Published on 19 November 2013
Written by Michael Larabel
Page 1 of 12 - 34 Comments

AMD unveiled the Radeon R9 290 graphics card at the beginning of November as one step down from the new flagship Radeon R9 290X graphics card. Numerous Windows reviews praised the graphics card for its great performance, but what wasn't clear at the time was how the Linux performance and compatibility was for this new $399 USD graphics card. AMD hadn't offered any review samples to Phoronix for conducting any Linux-based testing and benchmarking, but it's more clear now why that didn't happen: the Linux performance isn't stellar. I bought an XFX Radeon R9 290 and now there's many Linux benchmarks coming out of this graphics card that's riddled by what might be driver issues. I already regret having purchased the AMD Radeon R9 290 for use on Linux; the graphics card is hot, power hungry, noisy, and the OpenGL results aren't too good.

After AMD's successful Radeon R9 290X hardware launch in October, the Radeon R9 290 was announced on 5 November to much excitement. The Radeon R9 290 has 2560 Stream processors and has a 662MHz core clock, 947MHz Boost clock, and 4GB of 5GHz GDDR5 video memory with a 512-bit bus. The Radeon R9 290 "Hawaii" GPU has 160 texture unit ands 64 ROPs. Like the R9 290X, the R9 290 is considered a 28nm GCN 1.1 graphics processor and there's also TrueAudio support and many other common features shared with the R29 290X. By now you've likely ready at length about the Radeon R9 290 series so I'll leave my overview at that. The launch price for the Radeon R9 290 is $399 USD and in the days since the launch I've seen a flurry of graphics cards between the $400 USD and $450 USD price point. The XFX Radeon R9 290 being benchmarked at Phoronix was acquired for $420 USD.

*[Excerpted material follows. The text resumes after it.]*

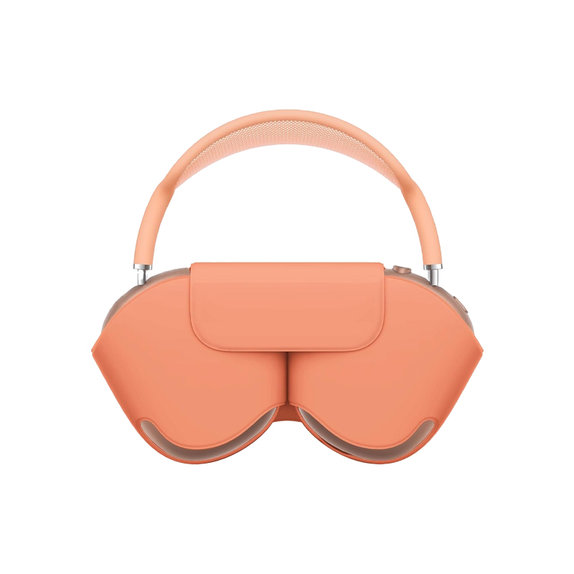 FixPremium - SmartCase for AirPods Max, orange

When it comes to the Linux support for the Radeon R9 290/290X, there was same-day Catalyst Linux support. The binary Catalyst driver was updated in tandem with the Windows driver to ensure hardware support. In theory the Linux Catalyst driver is now at feature and performance parity to the Windows Catalyst driver, but we have certainly seen that deviate at times with much more tuning and testing being done for the Windows Catalyst driver. I won't be doing any R9 290 Linux vs. Windows benchmarks today, but I will on Phoronix in the weeks ahead; my most recent cross-OS Catalyst benchmarks can be found in AMD Gallium3D & Catalyst Drivers Compete Against Windows.